Do any of those seem like a good beginner cage (in your experience) for one to two rats? 
If not, could you please tell me what I should be looking for (I was mainly looking for something that had decent locks, horizontal bars, and again, had a minimum(ish) of 24" L x 18" W x 24" L for a base standard)?

Thank you all! ^-^
*Also, I am aware that rats are curious critters that need things such as hammocks, tubes, plenty of toys/chews, etc to keep the preoccupied/comfortable and I will be getting types of lining for the shelves, etc - but I'm sure I'll be questioning toys and what not after I make a cage purchase xD 
Again, thank you to all that read and/or comment! I appreciate any and all advice/help :]


----------



## aklunaj (Apr 16, 2012)

Hi!
Number 1 seems ok, looks like a good size and will give you toom if you decided for a third rat too 

Number 2 looks very narrow. The rat on the picture basically takes up half of the depth of the cage, thats no good.

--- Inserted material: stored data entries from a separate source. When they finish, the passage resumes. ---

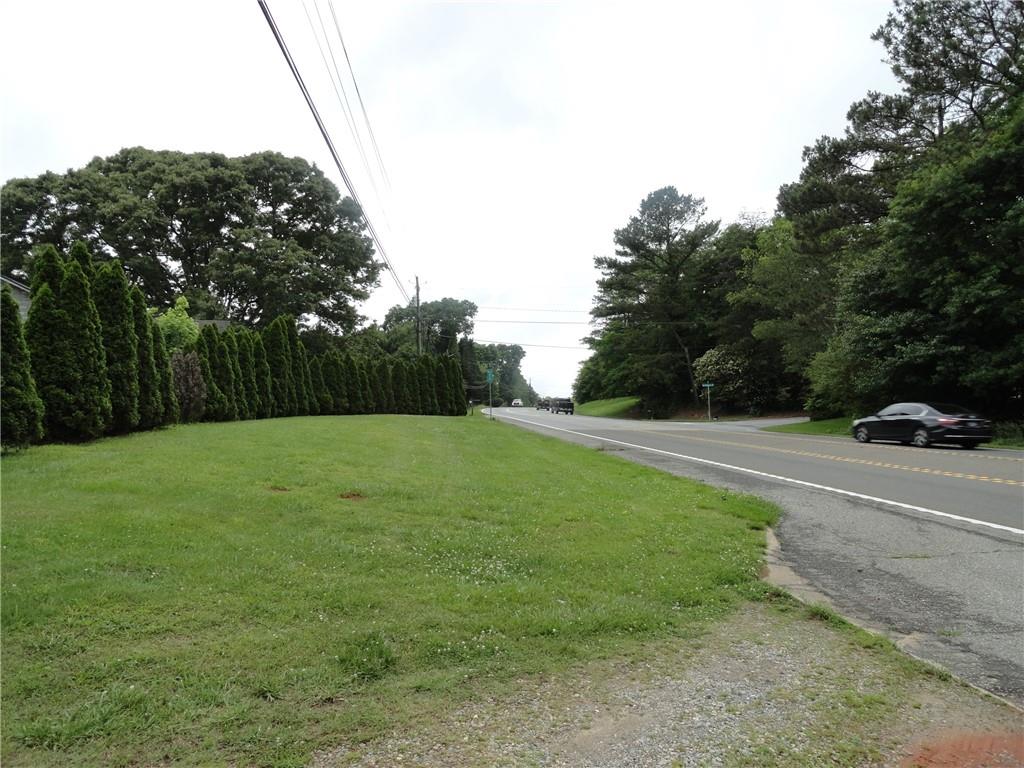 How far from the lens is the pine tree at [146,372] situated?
12.9m

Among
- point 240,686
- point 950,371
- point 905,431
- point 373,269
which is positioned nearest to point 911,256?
point 950,371

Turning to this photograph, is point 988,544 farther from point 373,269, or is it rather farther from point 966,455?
point 373,269

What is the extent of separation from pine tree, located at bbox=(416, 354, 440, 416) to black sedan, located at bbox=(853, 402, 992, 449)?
22.7 metres

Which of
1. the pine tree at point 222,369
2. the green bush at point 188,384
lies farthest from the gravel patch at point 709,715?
the pine tree at point 222,369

I have to send this post now as I cannot see the other once and I dont remember what my comments were when I saw them... (I'm replying from my phone  ) ... Brb


Sent from Petguide.com Free App


----------



## portkeytonowhere (Dec 24, 2007)

I have the last cage you mentioned the all living things cage and I would suggest that cage or the petco rat manor cage Ive heard good things about. If you have chewers I suggest the rat manor. As far as toys go you should take a look at some of the stickys in this forum. There arent a ton of toys specifically for rats so you really have to think out of the box  I suggest lots of hammocks and homemade toys. Rats love homemade toys  By the way a relatively cheap treat mine love are gerber baby puffs. Tons of flavors but the banana is a huge hit 

Sent from Petguide.com Free App


----------



## aklunaj (Apr 16, 2012)

Number 3 is very small. Thats like on a border of being big enough for only 1 rat. Definitely wouldnt recommend for 2 rats.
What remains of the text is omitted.